Very close to such units are word-groups of the type to have a glance, to have a smoke. These units are not idiomatic and are treated in grammar as a special syntactical combination, a kind of aspect.

c) phraseological repetitions, such as : now or never, part and parcel , country and western etc. Such units can be built on antonyms, e.g. ups and downs , back and forth; often they are formed by means of alliteration, e.g cakes and ale, as busy as a bee. Components in repetitions are joined by means of conjunctions. These units are equivalents of adverbs or adjectives and have no grammar centre. They can also be partly or perfectly idiomatic, e.g. cool as a cucumber (partly), bread and butter (perfectly).

Phraseological units the same as compound words can have more than two tops (stems in compound words), e.g. to take a back seat, a peg to hang a thing on, lock, stock and barrel, to be a shaddow of ones own self, at ones own sweet will.

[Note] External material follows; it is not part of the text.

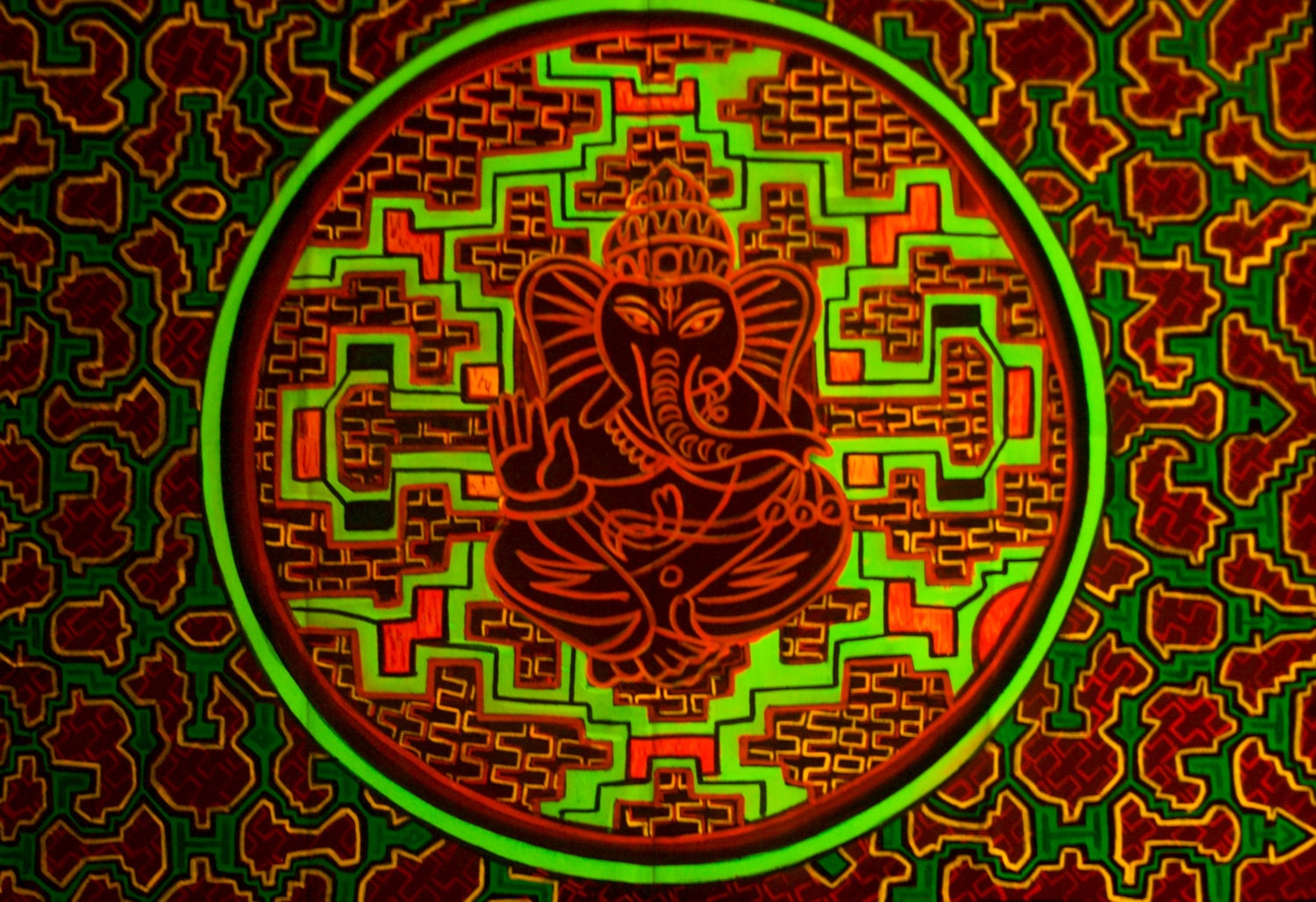 Ganesha Ayahuasca UV Painting - 90x60cm - handmade on order - fully blacklight glowing colors - psychedelic dmt visionary artwork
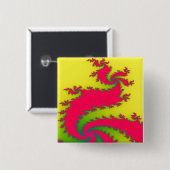 新年中国のドラゴンフラクタルボタン 缶バッジ (正面&裏面)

Phraseological units can be clasified as parts of speech. This classification was suggested by I.V. Arnold. Here we have the following groups:

a) noun phraseologisms denoting an object, a person, a living being, e.g. bullet train, latchkey child, redbrick university, Green Berets,

b) verb phraseologisms denoting an action, a state, a feeling, e.g. to break the log-jam, to get on somebodys coattails, to be on the beam, to nose out , to make headlines,

c) adjective phraseologisms denoting a quality, e.g. loose as a goose, dull as lead ,

d) adverb phraseological units, such as : with a bump, in the soup, like a dream , like a dog with two tails,

e) preposition phraseological units, e.g. in the course of, on the stroke of ,

f) interjection phraseological units, e.g. Catch me!, Well, I never! etc.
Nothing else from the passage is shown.